3.     Subject to the conditions set forth in Paragraph 4 of this Amendment, Section 8.01 of the Agreement is hereby deleted in its entirety and replaced with the following:

 

“The Closing shall take place on or before July 15, 2018, but no later than July 23, 2018, time being of the essence as to such outside date (the “Closing Date”) at the offices of Seller’s attorneys, Farrell Fritz, P.C., 400 RXR Plaza, Uniondale, New York.”

 

4.     The aforesaid modification of the Closing Date provided for herein is expressly conditioned upon the following:

 

(a)     The release from escrow, and the payment to Seller contemporaneously with the execution of this Amendment, of the Downpayment in the amount of Six Hundred Thousand Dollars ($600,000.00) and any interest accrued thereon, currently being held by Escrow Agent.

 

 

 

 

(b)     Payment by Purchaser to Seller contemporaneously with the execution of this Amendment, by wire transfer to the account listed below, of an additional downpayment in the sum of Six Hundred Thousand Dollars ($600,000.00) (the “Additional Downpayment” and collectively with the Downpayment as sometimes hereinafter referred to as the “Revised Downpayment”).

 

(c)     The Wiring Instructions for Seller are as follows:     

 

[SELLER TO PROVIDE] 

 

The Downpayment and Additional Downpayment provided for herein, as and when and to the extent actually received by Seller, shall be credited to the Purchase Price at Closing.

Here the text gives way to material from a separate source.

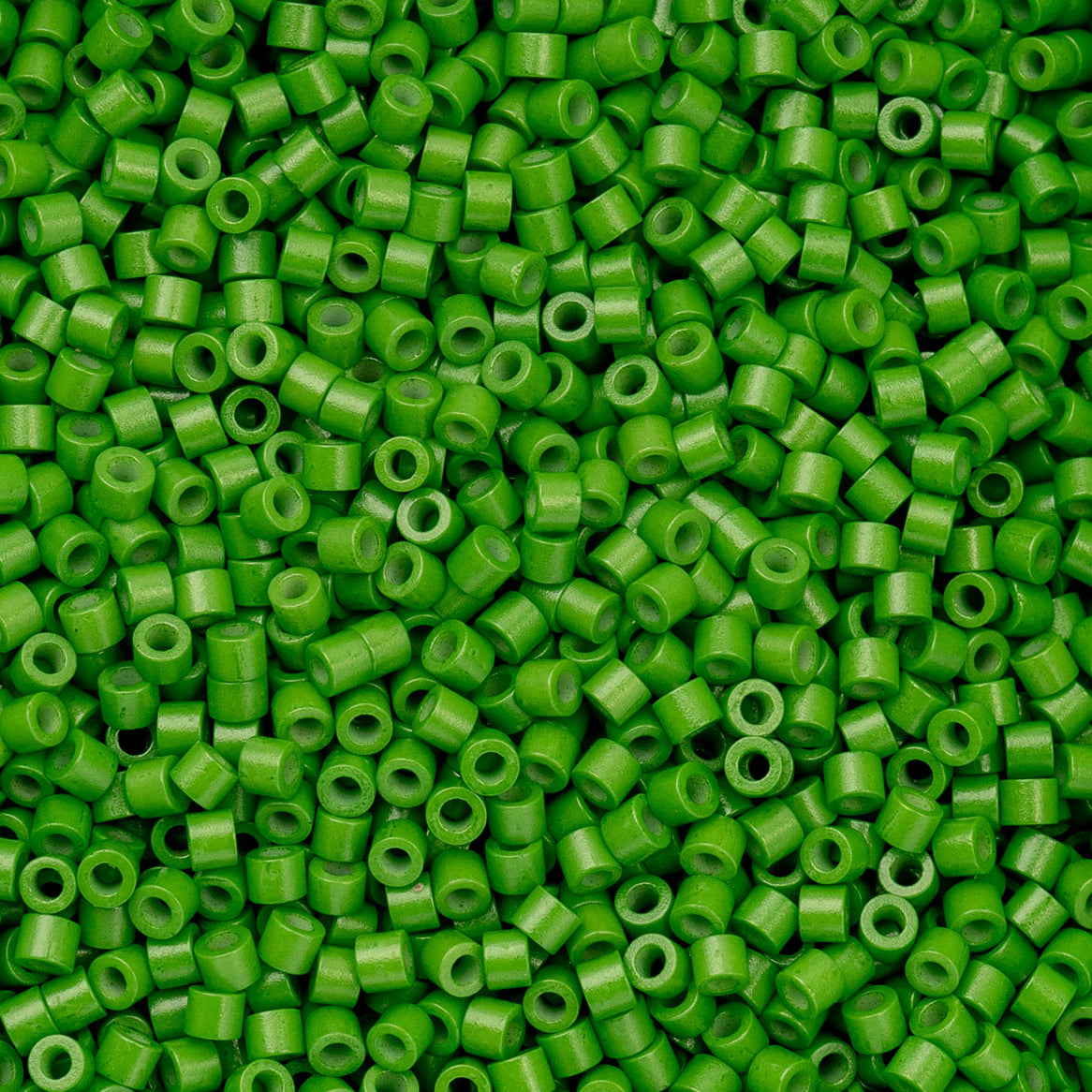 11/0 Cylin Bead, 25g Bag, Grass Green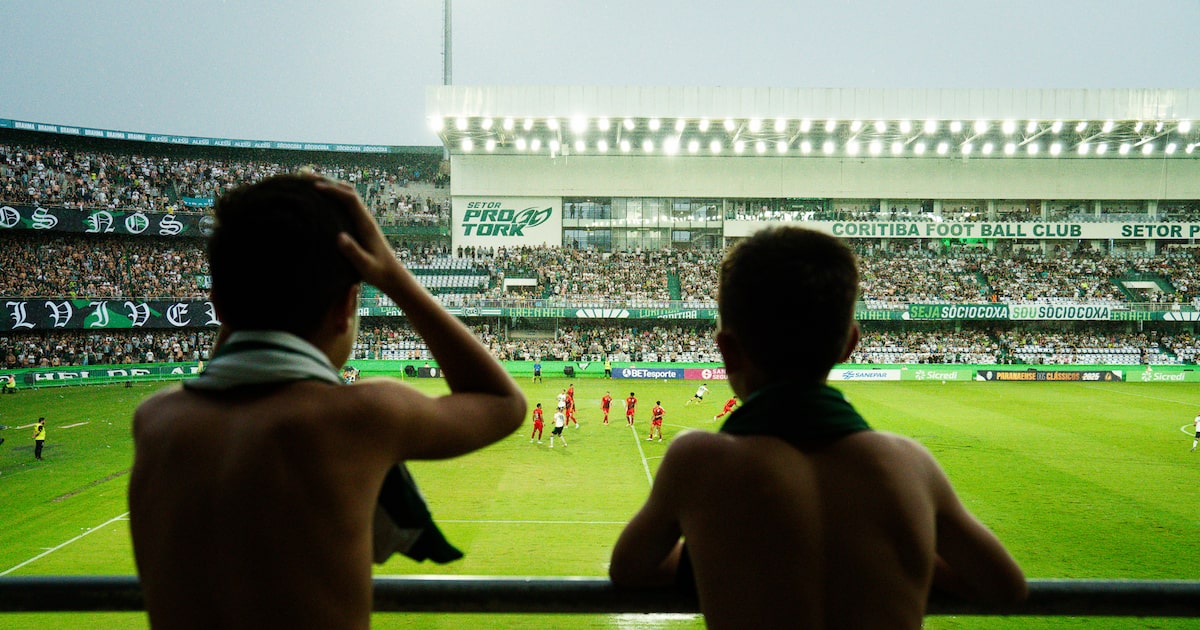 Coritiba inicia Série B de 2025 com vitória, mas torcedores exigem resultados melhores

Notwithstanding the foregoing, in the event that, for any reason whatsoever, the Agreement, as hereby amended, is terminated prior to, or the Closing pursuant to the Agreement, as hereby amended, does not occur on or before, July 23, 2018, then the Revised Downpayment, or any portion thereof, shall not be refundable by Seller or be credited against the Purchase Price under any circumstances, other than Seller Default; for which the Agreement expressly provides that the Revised Downpayment shall be refundable to Purchaser.

 

5.     In the event the conditions set forth in Paragraph 4 hereof are not performed and/or delivered on or before the dates and times set forth for such performance and/or delivery, respectively, TIME BEING OF THE ESSENCE with respect to all such dates, the Agreement shall be deemed terminated and of no further force or effect and Seller shall retain the Downpayment and Additional Downpayment, and upon payment of same to Seller neither party shall have any further rights or obligations to one another except for those which expressly survive the termination of the Agreement.

 

6.     To induce Seller to enter into this Amendment, Purchaser hereby acknowledges and agrees that: (a) Seller is ready, willing and able to close title to the Property as of the date hereof and Seller has timely and completely fulfilled all of its obligations under the Agreement as of the date hereof; (b) all conditions precedent to the Closing have been satisfied, other than those conditions that by their nature are to be satisfied at Closing; (c) to date, neither the title commitment nor any update, amendment or supplement thereto or any UCC or other search disclosing encumbrances on the Property has revealed anything that is not a Permitted Exception under the terms of the Agreement; (d) Purchaser is not aware of anything that would impede closing the transaction contemplated by the Agreement and Purchaser knows of no lawful excuse to not consummate the Closing in accordance with the terms of the Agreement as hereby amended; and (e) Purchaser has no knowledge of any breach by Seller of any of the terms of the Agreement.

 

7.     Miscellaneous.

 

(a)     In the event of any conflict between the terms and provisions of the Agreement and the terms and provisions of this Amendment, the terms and provisions of this Amendment shall govern and be binding.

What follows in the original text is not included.